Le fantasme lui-même n’en dit pas vraiment beaucoup sur toi. C’est plutôt la signification que tu y apportes et les éléments qui t’excitent plus spécifiquement. Le sexologue psychothérapeute remarque et reflète des observations qui peuvent indiquer des aspects qui peuvent « nuire » à ton plaisir et ta satisfaction. Les fantasmes et préférences sexuelles sont construits selon nos expériences relationnelles et sexuelles du passé. On érotise souvent des blessures ou des triomphes vécus. Notre imaginaire sexuel est un endroit où on se sent en contrôle de la situation, où on peut se laisser pleinement libre d’explorer les sphères de la sexualité, sans danger. Un espace où personne n’a accès au contenu. Bref, un petit jardin secret!

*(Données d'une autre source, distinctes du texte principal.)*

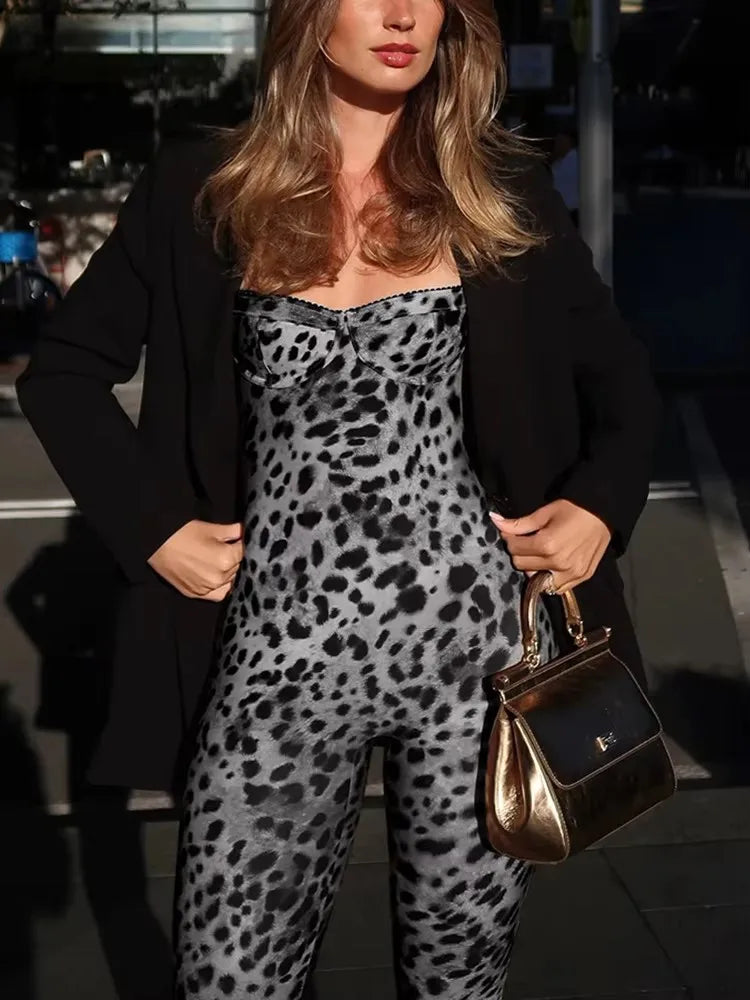 Weird Puss Sexy Jumpsuit Women Sleeveless 2025 Sexy Trend Leopard Print Sleeveless Street Fit Stretch Activity Workout Overalls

Doit-on partager nos fantasmes avec nos partenaires?

Même entre sexologues psychothérapeutes, nous ne sommes pas d’accord sur la réponse à cette question. CertainEs vont privilégier d’avoir un certain jardin secret, d’autres suggèrent fortement le dévoilement, mais seulement des fantasmes qu’on ait à l’aise de partager.

Peut-on vraiment être honnête et pleinement authentique avec notre partenaire si on se refuse de dévoiler ses fantasmes? Peut-on vraiment prétendre que l’autre nous connaît pleinement, si on n’ose pas se mettre à nu face à notre amoureux-se? Quelle amélioration le jardin secret sexuel procure-t-il à la sexualité du couple? Peut-on nuire à la sexualité du couple en dévoilant ses fantasmes?


« Une personne qui s’accepte soi-même et assume sa sexualité dans toutes ses formes va préférer être connue et rejeter plutôt que d’être acceptée pour ce qu’il/elle n’est pas réellement. »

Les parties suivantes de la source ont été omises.